Dan Holmes 2013-04-15 18:51:45
How is this executed? I don't see any parameters in the query so this must be created dynamically and executed throughout the weeks. If that is the case, the same plan will be used each time. As the data changes the estimates are become more like the actuals and your performance is better.

I think Aaron's OPTION(RECOMPILE) will give you more consistent results.

Conrad 2013-04-15 19:37:02
It is indeed created dynamically. Unfortunately, the same plan is not used each time. The change in the number of rows from EmployeeHours queried is the variable which causes the bad execution times from about day 2-4 of the biweekly period. (Today is day 1 of the period; I'm hoping to test the proposed solution over the next couple days.)
SQLkiwi 2013-04-19 06:31:07
One way to avoid the performance problem would be to parameterize the query (rather than generating text containing literal values), capture a plan shape that always works well (presumably the 'good plan' shape), and force future executions of the parameterized query to use that shape with a plan guide. Simply adding OPTION (RECOMPILE) to the statement may work as well, depending on what the underlying issue is – though this comes at the cost of fully compiling an execution plan on every execution of course.

The root cause of the problem is that the query is not very optimizer-friendly as written. The optimizer does a remarkable job in the 'good plan' case in spite of this. Nevertheless, that outcome is likely as much down to luck as anything.
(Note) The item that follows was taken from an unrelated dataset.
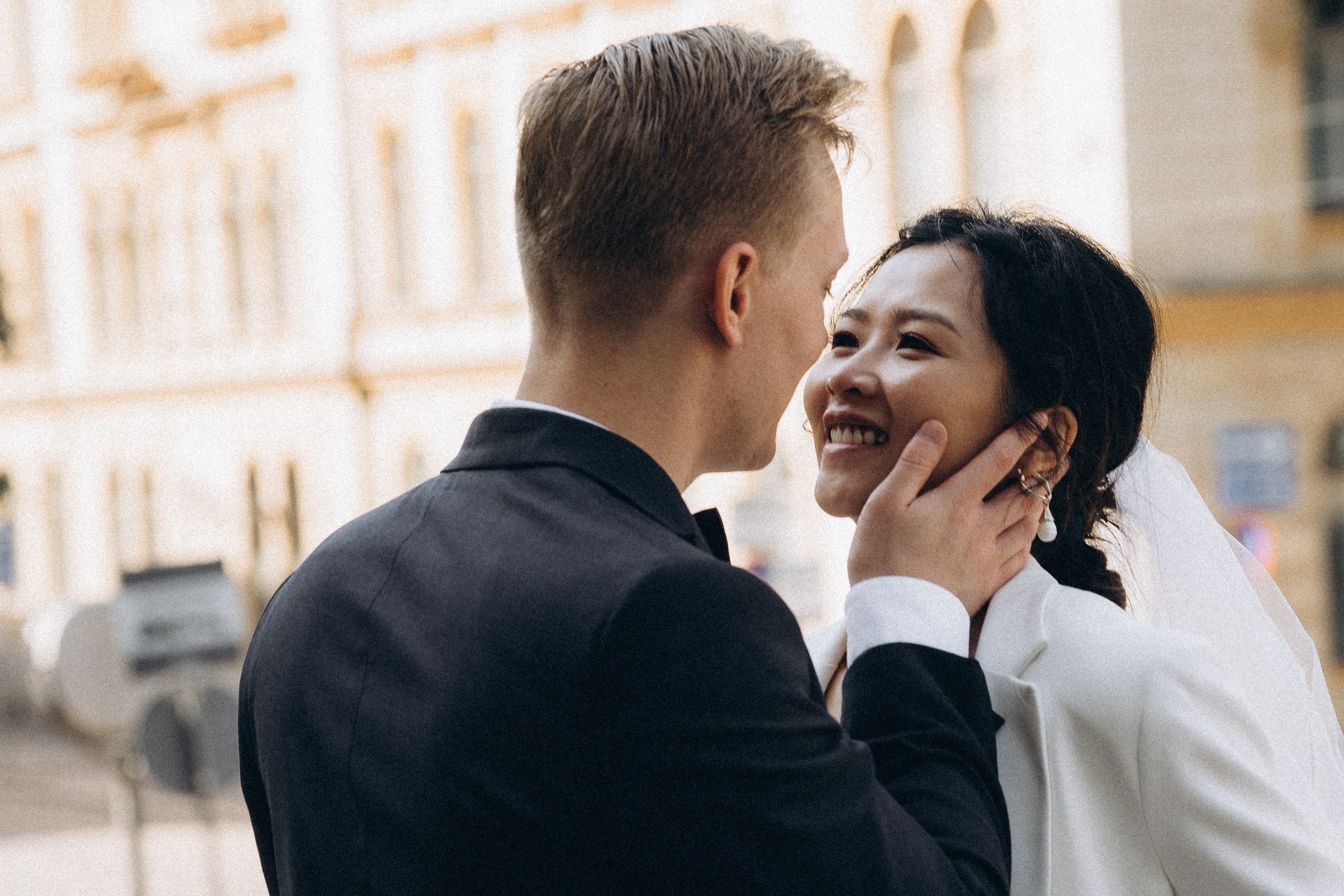 City wedding. Wedding and portrait photographer in Helsinki Vickan O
By 'not optimizer-friendly' I mean the query uses some unusual constructions that typically fall outside the optimizer's cost model and therefore result in less reliable plan generation. The specific 'unusual constructions' are the complex AND/OR predicates at various levels (making cardinality estimation essentially guesswork); and the (SELECT COUNT(*) FROM …) = 0 syntax, which is an odd way to write a NOT EXISTS clause. Similarly, the subquery (SELECT columns FROM …) IS NULL is another odd way to express NOT EXISTS. This odd form also requires a Stream Aggregate + Assert to check the subquery only produces a maximum of one row on each correlated execution.

All these things (and more) make this query less readable for humans as well as making life hard for the query optimizer. My preference would be to rewrite and simplify the query to make the logic clearer – helping the optimizer produce more reliable and stable plans while making future maintenance easier too.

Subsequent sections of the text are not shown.